On March 1, the Strengthening Motor Vehicle Safety for Canadians Act (Bill S-2) (the Act) received royal assent, giving Canada’s minister of transport sweeping authority to execute a range of measures designed to protect drivers from vehicle defects.
According to a press release issued by Transport Canada, these powers include the ability to:
- Order a company to recall a vehicle to correct a defect;
- Order a company to pay for the cost of repairs so consumers don't bear the cost;
- Order a company to conduct tests on a vehicle and to provide the results back to the minister;
- Order a company to fix a new vehicle before it's sold; and
- Negotiate a settlement with a company alleged to be in violation of the Motor Vehicle Safety Act.
Prior to the Act coming into effect, only a manufacturer could issue a vehicle safety recall in Canada, and Transport Canada was forced to use the courts to order manufacturers to pay for recall repairs.

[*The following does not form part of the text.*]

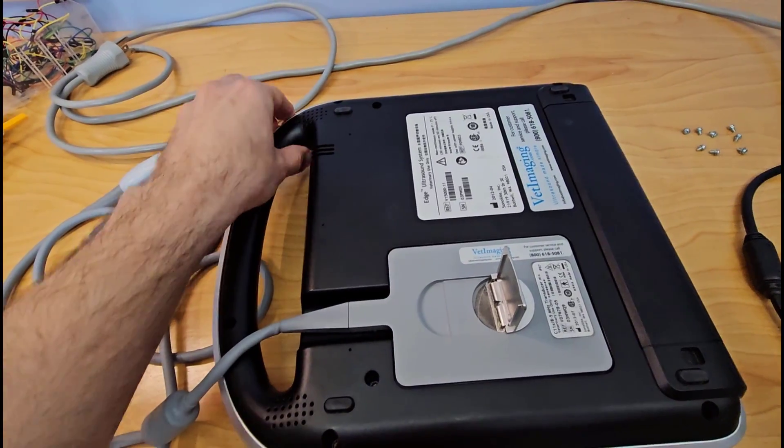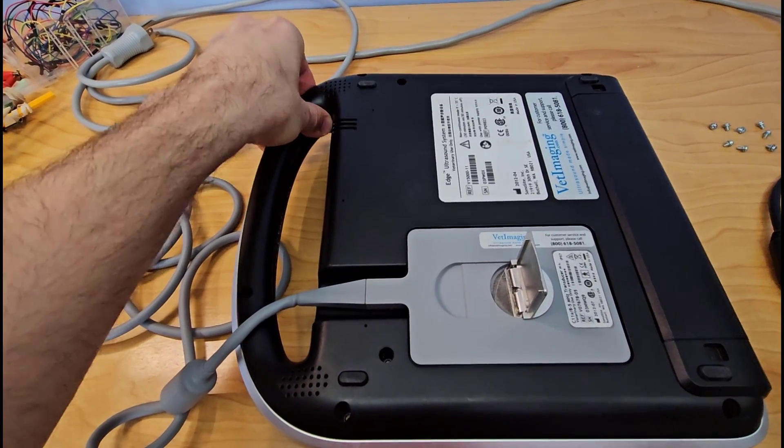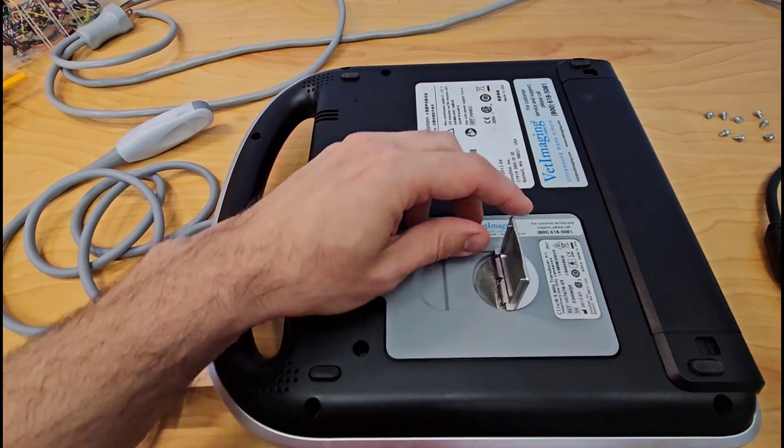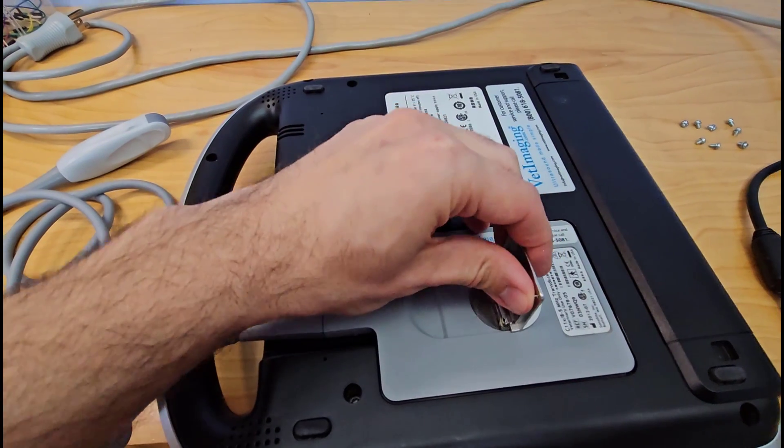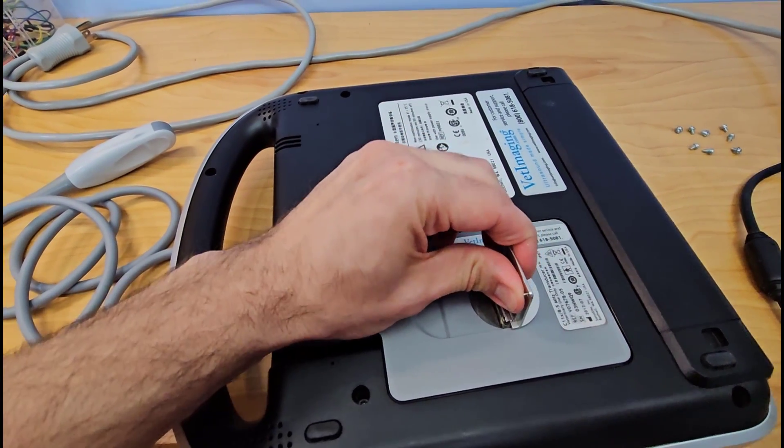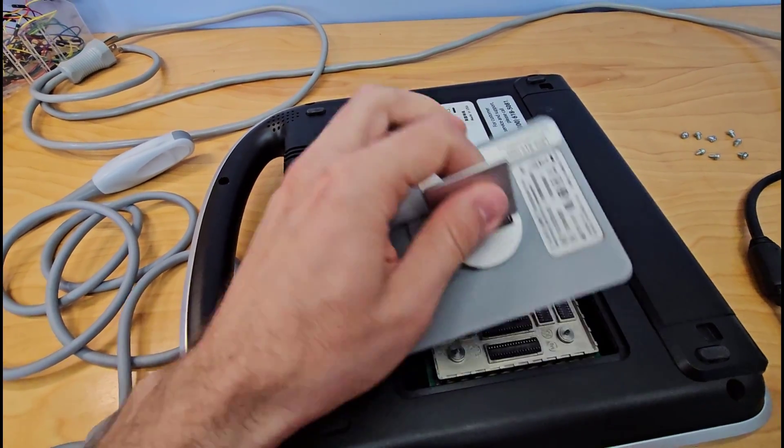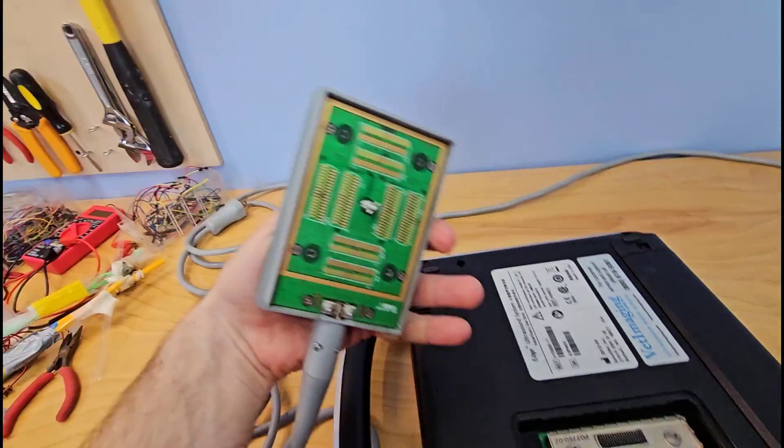Update number one, I did get all those screws off, but it looks like this cover doesn't want to come off yet because it is being held in place by this thing. So it looks like I need to lift this flap up and then turn it 90 degrees, and then that pops right out.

In addition, the Act empowers Transport Canada to undertake more in-depth vehicle inspections and investigations into safety concerns, fine manufacturers that do not comply with regulations, and establish strict timetables for repairs. It also provides Transport Canada with greater flexibility to support technological innovation in the automotive sector.
While the new legislation provides for a maximum fine of $200,000 per violation of the Motor Vehicle Safety Act, Transport Canada has yet to develop regulations that will facilitate the use of fines.
The Act is expected to have broad legal implications for a number of participants in Canada's automotive sector - including dealerships, manufacturers, regulators and insurers.